The destiny of all the celestial spheres seems in time to be that they shall become cooled down to a temperature far below anything which is now experienced on this earth. Even the sun, though its heat will doubtless endure for millions of years to come, must in time, so far as we can see, become dark and cold. So far as we know, we can perceive no certain method by which the life of the slowly decaying suns can be restored. It has, however, been suggested that in many cases a planetary system which has attained the lifeless and lightless stage may by collision with some other association of spheres be by the blow restored to its previous state of vapour, the joint mass of the colliding systems once again to resume the process of concentration through which it had gone before. Now and then stars have been seen to flash suddenly into great brilliancy in a way which suggests that possibly their heat had been refreshed by a collision with some great mass which had fallen into them from the celestial spaces. There is room for much speculation in this field, but no certainty appears to be attainable.

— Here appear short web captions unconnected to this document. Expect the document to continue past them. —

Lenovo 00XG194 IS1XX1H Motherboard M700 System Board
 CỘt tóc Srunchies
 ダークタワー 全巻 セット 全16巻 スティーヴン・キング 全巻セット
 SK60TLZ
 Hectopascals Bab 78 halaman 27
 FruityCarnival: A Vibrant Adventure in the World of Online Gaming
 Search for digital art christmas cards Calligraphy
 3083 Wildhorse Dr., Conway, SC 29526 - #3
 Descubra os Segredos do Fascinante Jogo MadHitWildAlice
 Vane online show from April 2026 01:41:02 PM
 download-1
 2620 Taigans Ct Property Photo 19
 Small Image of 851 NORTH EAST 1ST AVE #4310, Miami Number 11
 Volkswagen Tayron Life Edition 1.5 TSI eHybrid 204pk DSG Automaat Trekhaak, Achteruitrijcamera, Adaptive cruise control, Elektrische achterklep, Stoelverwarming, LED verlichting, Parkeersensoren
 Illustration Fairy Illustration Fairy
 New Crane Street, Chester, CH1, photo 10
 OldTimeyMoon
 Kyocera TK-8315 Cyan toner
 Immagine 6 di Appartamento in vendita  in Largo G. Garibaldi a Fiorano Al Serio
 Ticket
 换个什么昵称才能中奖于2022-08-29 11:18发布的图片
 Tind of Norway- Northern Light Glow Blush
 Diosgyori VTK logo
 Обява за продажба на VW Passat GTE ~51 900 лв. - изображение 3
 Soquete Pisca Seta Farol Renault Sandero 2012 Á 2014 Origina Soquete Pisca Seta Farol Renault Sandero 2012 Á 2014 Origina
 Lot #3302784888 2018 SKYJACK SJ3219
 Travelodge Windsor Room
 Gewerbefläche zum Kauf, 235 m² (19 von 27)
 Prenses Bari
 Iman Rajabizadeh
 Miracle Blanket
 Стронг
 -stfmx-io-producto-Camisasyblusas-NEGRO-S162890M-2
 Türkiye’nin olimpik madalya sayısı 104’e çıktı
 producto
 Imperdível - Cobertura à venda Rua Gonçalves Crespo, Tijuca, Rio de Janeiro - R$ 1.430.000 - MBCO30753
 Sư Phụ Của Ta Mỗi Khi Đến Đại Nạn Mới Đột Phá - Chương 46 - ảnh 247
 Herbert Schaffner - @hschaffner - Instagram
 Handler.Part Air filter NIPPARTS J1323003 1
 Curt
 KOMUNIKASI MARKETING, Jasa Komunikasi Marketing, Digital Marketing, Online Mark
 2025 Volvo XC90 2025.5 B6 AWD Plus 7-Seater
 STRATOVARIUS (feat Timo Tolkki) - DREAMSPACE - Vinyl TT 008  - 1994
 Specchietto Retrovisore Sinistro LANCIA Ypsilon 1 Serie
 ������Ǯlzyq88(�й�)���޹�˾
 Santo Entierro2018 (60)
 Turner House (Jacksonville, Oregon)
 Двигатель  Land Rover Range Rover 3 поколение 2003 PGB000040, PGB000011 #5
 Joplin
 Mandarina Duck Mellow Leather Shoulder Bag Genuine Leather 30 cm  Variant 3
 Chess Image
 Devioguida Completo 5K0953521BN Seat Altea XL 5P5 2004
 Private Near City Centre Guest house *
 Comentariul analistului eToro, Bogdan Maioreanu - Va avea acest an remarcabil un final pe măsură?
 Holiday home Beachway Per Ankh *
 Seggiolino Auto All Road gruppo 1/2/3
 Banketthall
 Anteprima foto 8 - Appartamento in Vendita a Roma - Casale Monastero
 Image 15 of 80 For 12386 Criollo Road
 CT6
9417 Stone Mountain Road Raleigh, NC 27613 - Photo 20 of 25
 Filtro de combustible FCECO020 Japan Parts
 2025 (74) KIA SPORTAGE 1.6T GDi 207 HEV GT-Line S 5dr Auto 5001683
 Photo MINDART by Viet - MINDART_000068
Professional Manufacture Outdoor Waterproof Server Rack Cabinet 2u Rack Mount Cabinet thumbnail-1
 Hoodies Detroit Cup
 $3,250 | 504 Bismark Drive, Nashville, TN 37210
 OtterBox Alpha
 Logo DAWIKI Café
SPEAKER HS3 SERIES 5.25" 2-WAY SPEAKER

The ancients believed that light and heat were emanations which were given off from the bodies that yielded them substantially as odours are given forth by many substances. Since the days of Newton inquiry has forced us to the conviction that these effects of temperature are produced by vibrations having the general character of waves, which are sent through the spaces with great celerity. When a ray of light departs from the sun or other luminous body, it does not convey any part of the mass; it transmits only motion. A conception of the action can perhaps best be formed by suspending a number of balls of ivory, stone, or other hard substance each by a cord, the series so arranged that they touch each other. Then striking a blow against one end of the line, we observe that the ball at the farther end of the line is set in motion, swinging a little away from the place it occupied before. The movement of the intermediate balls may be so slight as to escape attention. We thus perceive that energy can be transmitted from one to another of these little spheres. Close observation shows us that under the impulse which the blow gives each separate body is made to sway within itself much in the manner of a bell when it is rung, and that the movement is transmitted to the object with which it is in contact. In passing from the sun to the earth, the light and heat traverse a space which we know to be substantially destitute of any such materials as make up the mass of the earth or the sun. Judged by the standards which we can apply, this space must be essentially empty. Yet because motions go through it, we have to believe that it is occupied by something which has certain of the properties of matter. It has, indeed, one of the most important properties of all substances, in that it can vibrate. This practically unknown thing is called ether.

The first important observational work done by the ancients led them to perceive that there was a very characteristic difference between the planets and the fixed stars. They noted the fact that the planets wandered in a ceaseless way across the heavens, while the fixed stars showed little trace of changing position in relation to one another. For a long time it was believed that these, as well as the remoter fixed stars, revolved about the earth. This error, though great, is perfectly comprehensible, for the evident appearance of the movement is substantially what would be brought about if they really coursed around our sphere. It was only when the true nature of the earth and its relations to the sun were understood that men could correct this first view. It was not, indeed, until relatively modern times that the solar system came to be perceived as something independent and widely detached from the fixed stars system; that the spaces which separate the members of our own solar family, inconceivably great as they are, are but trifling as compared with the intervals which part us from the nearer fixed stars. At this stage of our knowledge men came to the noble suggestion that each of the fixed stars was itself a sun, each of the myriad probably attended by planetary bodies such as exist about our own luminary.